RECORDED INFORMATION:
-=-=-

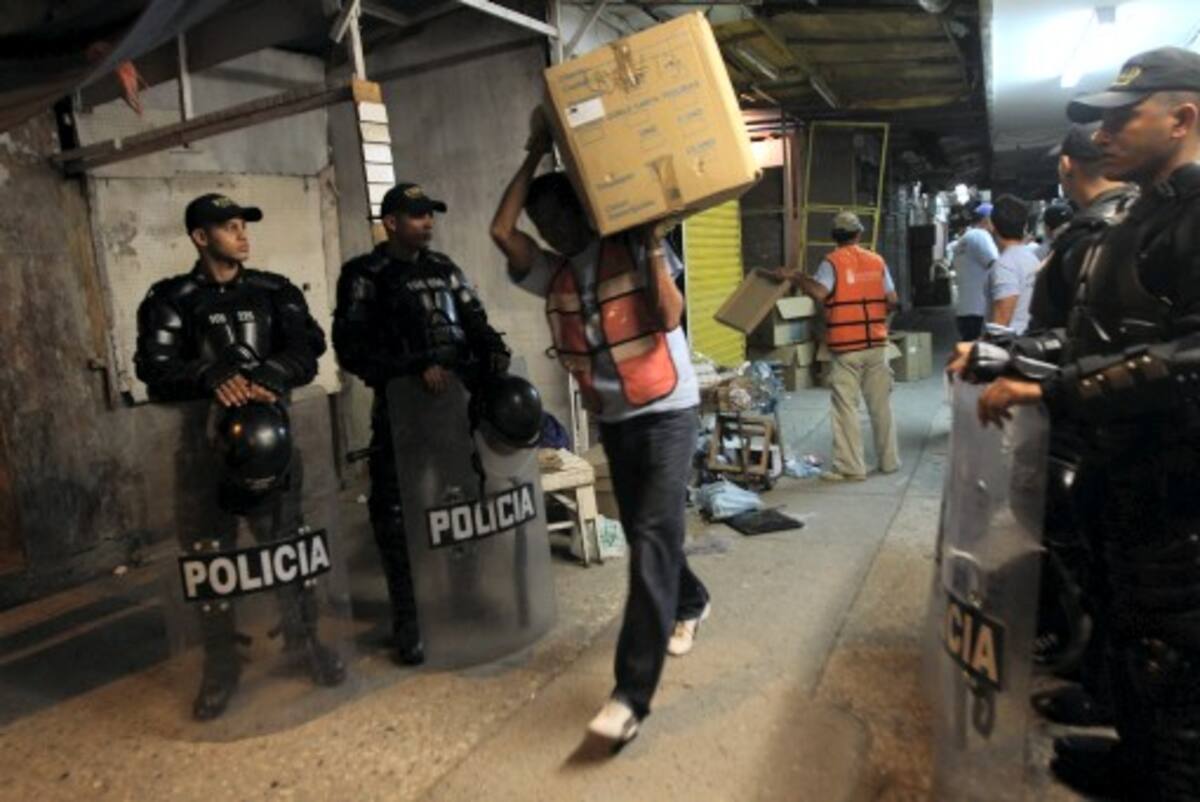 Esta imagen tomada la noche del lunes por El Universal muestra el momento en que algunos dueños de negocios informales sacan las mercancías de sus locales, los cuales fueron desmontados por brigadistas del Distrito. AROLDO MESTRE - EL UNIVERSAL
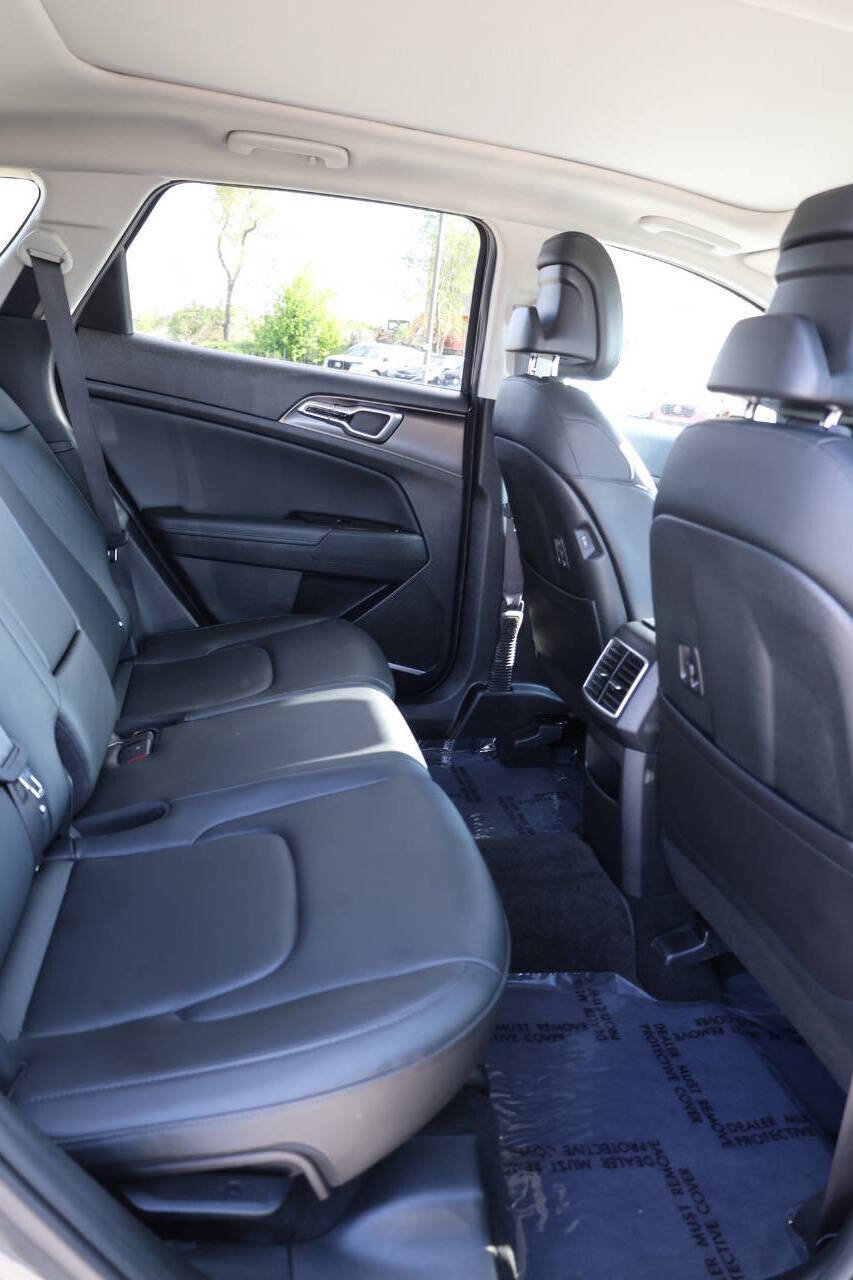 Used 2025 Kia Sportage EX w/ Premium Package FWD image 16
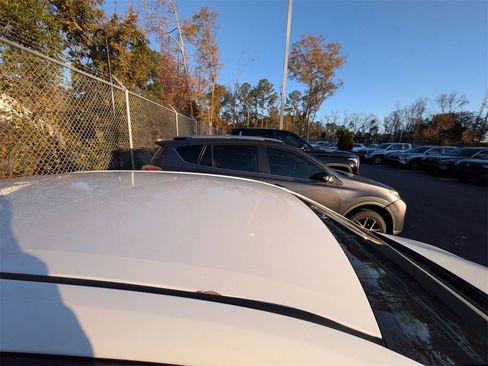 Used 2020 Toyota Corolla LE image 11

-=-=-

WORK ITEM: Starting from the line that has "Used 2025 Kia" and ending at the last line of the material above, every line should be output exactly; pictures are dropped and nothing else appears.

EXPECTED ANSWER:
 Used 2025 Kia Sportage EX w/ Premium Package FWD image 16
 Used 2020 Toyota Corolla LE image 11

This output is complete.